Las maestras compañeras ante las que despierta sentimientos maternales y eróticos. La dueña de una pensión para la que es su hijo adoptivo.
Y Amalia. Siempre Amalia. Alumna brillante, suspiro, amor.
Es la España del ordeno y mando. Del sentido omnipotente de la autoridad sea esta la que sea. El padre, el marido, el inspector, la guardia civil, la » secreta» e incluso las personas influyentes, un veterinario. Y el gobernador civil que en el discurso de una inauguración se gloría de D Pelayo, del Cid y de Isabel la Católica y los pone de ejemplos para hombres y mujeres.

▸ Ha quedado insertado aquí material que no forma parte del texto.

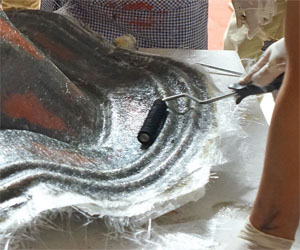 玻璃鋼FRP配套工具 4-6寸豬鬃滾壓泡毛滾筒 手糊彈簧消泡輥筒刷 刺泡滾 玻璃鋼FRP配套工具 4-6寸豬鬃滾壓泡毛滾筒 手糊彈簧消泡輥筒刷 刺泡滾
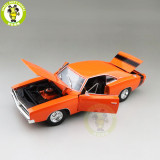 1/18 1969 Dodge Charger R/T Maisto 31387 Diecast Model Car Toys Boys Girls Gifts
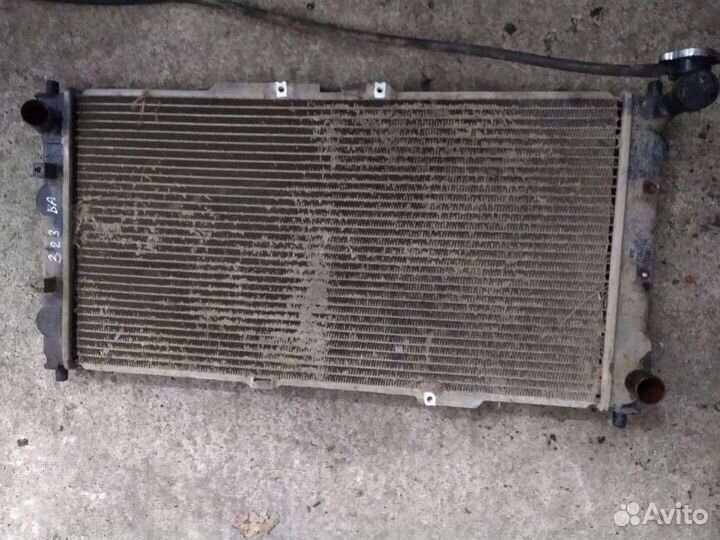 Радиатор основной Mazda 323 BA 1997г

Y en todas estas salsas Ricardo. Lleno de buena voluntad, de cercanía, de buenos sentimientos enamora a las mujeres mas no llega a consumar porque » No es el momento». No es un beato ni un mojigato pero nunca accede al sexo pese al atractivo de quienes se le ofrecen. Quizás esté esperando algo, quizás a Amalia que llena páginas del libro y de su vida.
!El amor!. Si, esta es una novela de amor. Amor a una profesión, amor entre hombres y mujeres y amor de un autor a sus personajes.
Me preguntó Bene si me había reído con la lectura de la novela y le contesté » Y llorado».
Quienes hemos dedicado una parte de nuestra vida a satisfacer las inquietudes intelectuales tenemos motivos más que sobrados para denostar aquellos años. No había libertad de expresión pero podías saltártela en los conciliábulos a los que éramos tan dados algunos de los jóvenes estudiantes y profesionales; el sexo era perseguido pero no todas las chicas eran hijas de María ni de comunión diaria, pero las corrientes modernas de pensamiento nos estuvieron vedadas y no supimos que la educación no era cosa de san José de Calasanz, que la filosofía no se reducía a la Escolástica y que el mundo se construía con la participación de todos. Y eso yo no lo he perdonado todavía. Muchas gracias.